Voor elk gefilterd pakket laat TShark de statusinformatie zien: het doorlopende nummer in de trace, de tijdstempel, source- en destination-IP, poortnummer en extra informatie. Met de optie -T files -e veldnaam extraheert TShark de content van bepaalde velden.
Om bepaalde toepassingen mogelijk te maken, hebben we een ongeveer 55 MB groot voorbeeldbestand van een smart-tv van LG voorbereid, dat prima geschikt is om mee te oefenen en wat ervaring te krijgen in het werken met TShark.
In eerste instantie gaat het erom om de door een smart-tv benaderde HTTP-servers te achterhalen. Daarvoor filter je op de makkelijkste manier het veld http.host eruit (-T files -e http.host).
TShark toont dan elke treffer op een aparte regel in de volgorde zoals ze in de trace-file staan. Om op meerdere velden te filteren, zet je de optie -e veldnaam meerdere keren achter elkaar.
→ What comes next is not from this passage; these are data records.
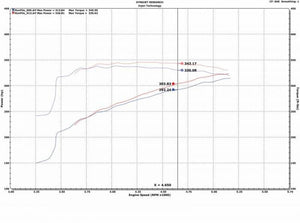 Injen 09-18 Dodge Ram 1500 V8-5.7L Evolution Intake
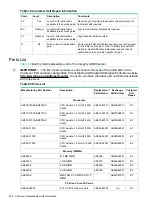 Preview for 258 page of HP AB464-9003F Service Manual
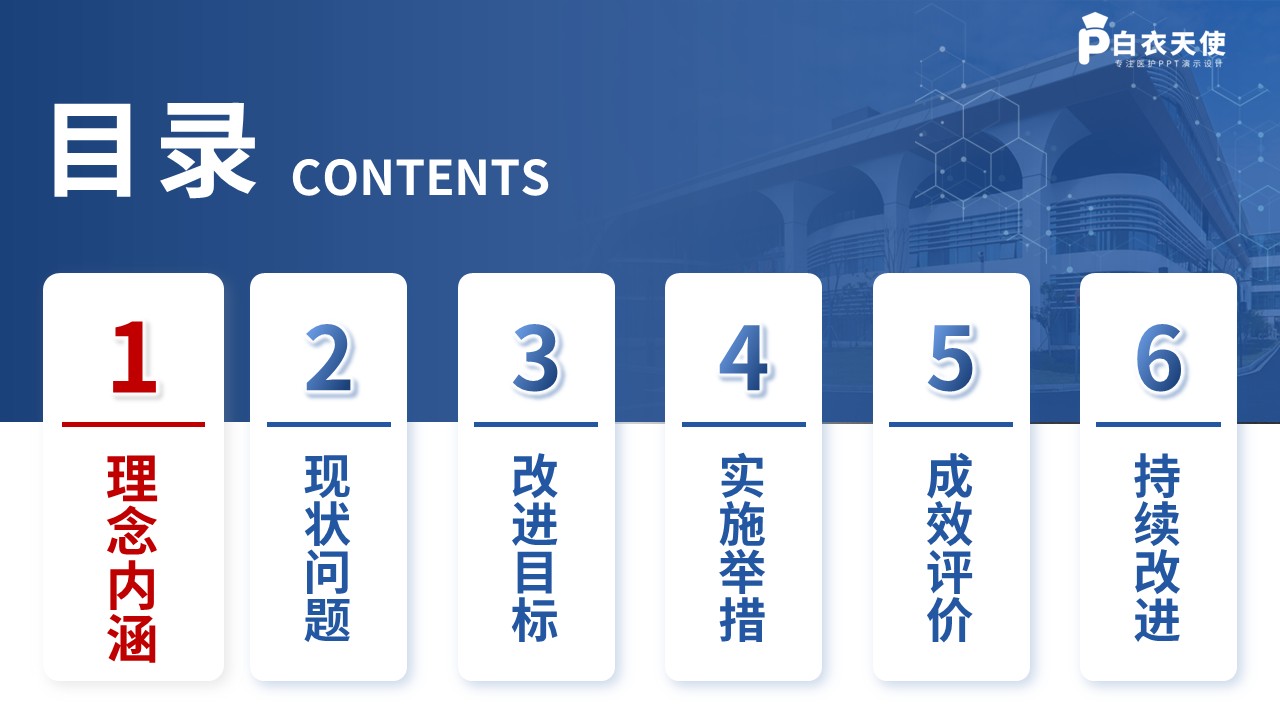 362期-护理质量改进-运用PDCA循环提升护理人文服务质量第2页预览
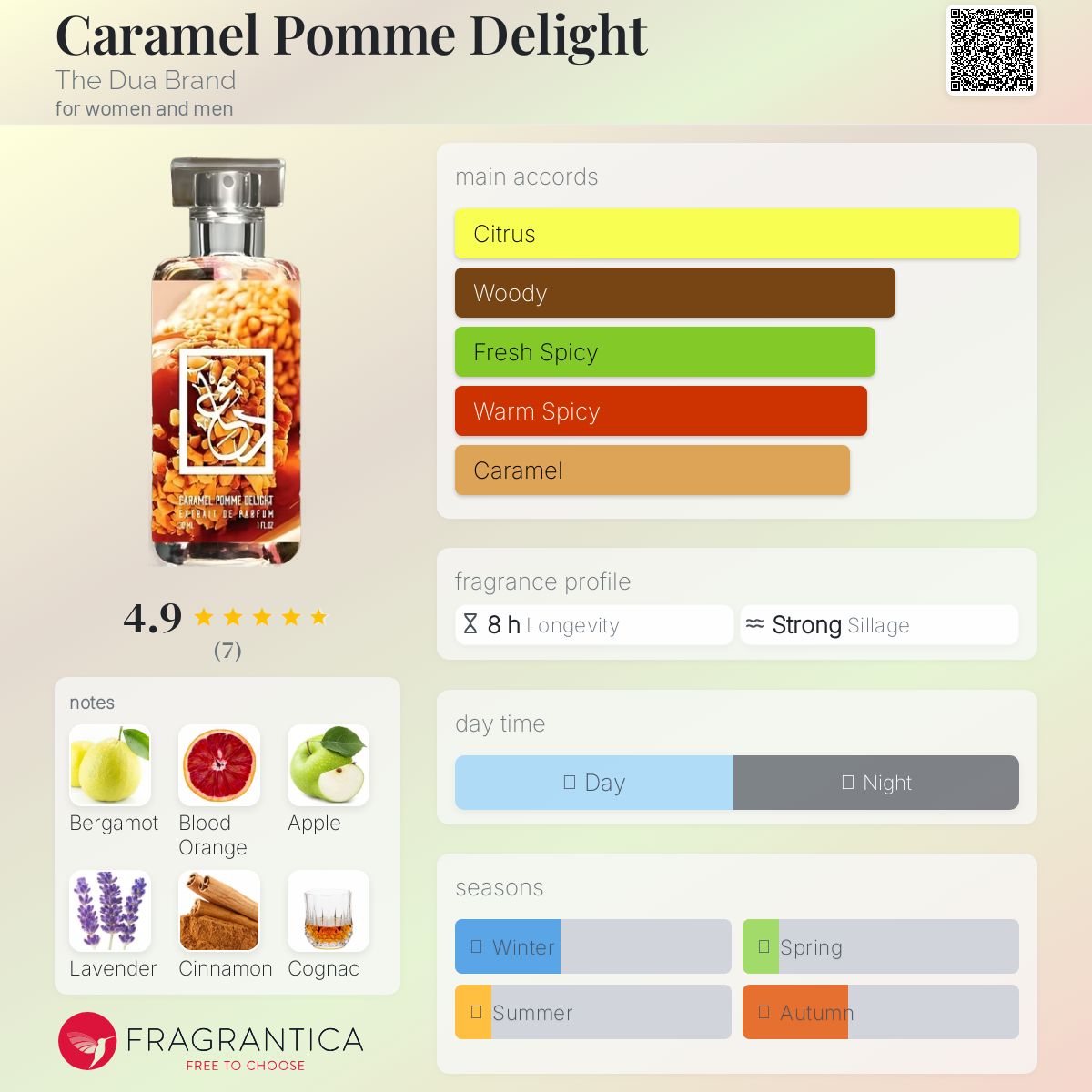 عطر ادکلن کارامل پام دلات د دوآ برند - Caramel Pomme Delight The Dua Brand - بررسی، قیمت و خرید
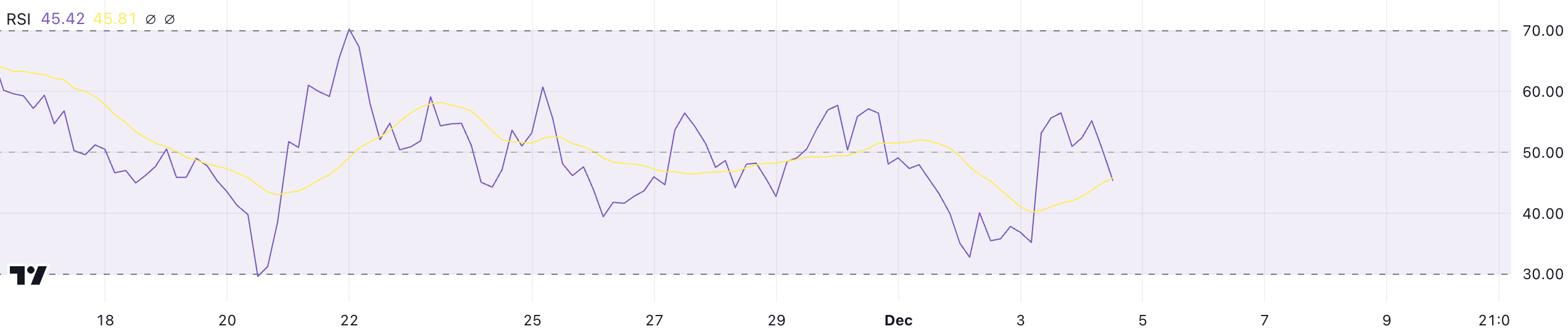 MOG RSI Dynamics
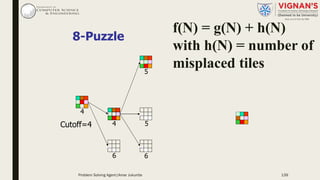 8-Puzzle
4
6
4
Cutoff=4
6
5
5
f(N) = g(N) + h(N)
with h(N) = number of
misplaced tiles
Problem Solving Agent|Amar Jukuntla 139
 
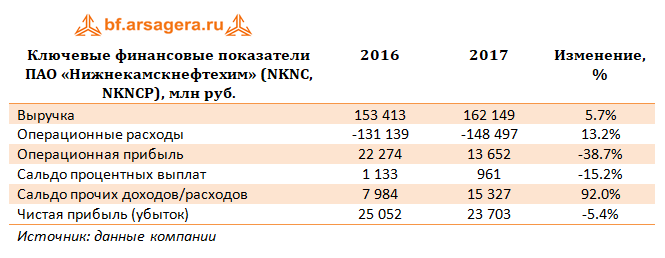 Пао нижнекамскнефтехим карта партнера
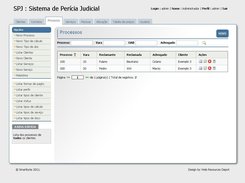 Gestão de processos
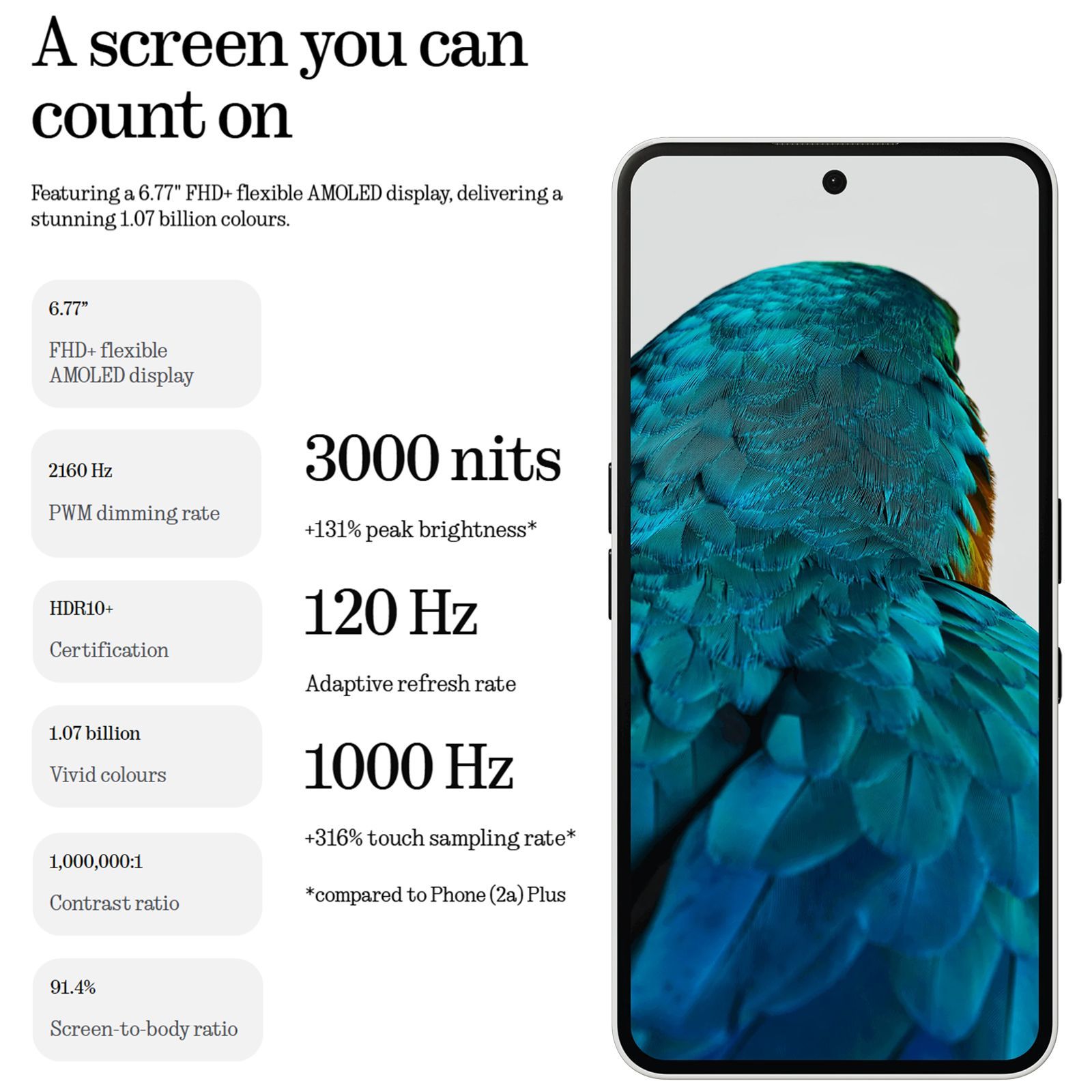 Nothing Phone 3a 5G (8GB RAM, 128GB, White) Nothing Phone 3a 5G (8GB RAM, 128GB, White)_18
Om andere displayfilters of veldnamen te gebruiken, test je dezelfde trace-file eerst in Wireshark. Syntaxisfouten worden door het programma in het rood getoond. Als er geen fouten in een filterexpressie zitten, verandert de kleur in groen.
In het Wireshark-voorbeeld verderop is te zien dat hier de op UPnP gebaseerde Multicast-communicatie genegeerd wordt (http.host and not ip.dst == 239.0.0.0/8). Dat is aan te raden omdat sommige apparaten tijdens het loggen heel veel UPnP-berichten verzenden. Die hebben echter niets te maken met waarin je hier geïnteresseerd bent en storen dus alleen maar. Bovendien is te zien hoe je met een klik op het te onderzoeken veld (in het midden van het vensterdeel linksonder) Wireshark ertoe kunt brengen om de exacte veldnaam weer te geven (onderaan op de statusbalk). In dit geval gebruikt Wireshark http.host, oftewel de variabele voor de namen van de HTTP-servers.
Om de syntaxis van displayfilters te leren hebben we het dataverkeer van een smart-tv geanalyseerd.
De output van TShark kan afhankelijk van het dataverkeertype en de gebruikte filters kort en overzichtelijk zijn. Maar vaak worden het lange lijsten, bijvoorbeeld met benaderde domeinen, en niet zelden komen in een trace dezelfde domeinen telkens weer voor. Dan is het aan te raden om de TShark-uitvoer te sorteren met een paar Unix-commando’s. Dan kun je de samenhangen beter herkennen en zien wat de frequentieverdelingen zijn.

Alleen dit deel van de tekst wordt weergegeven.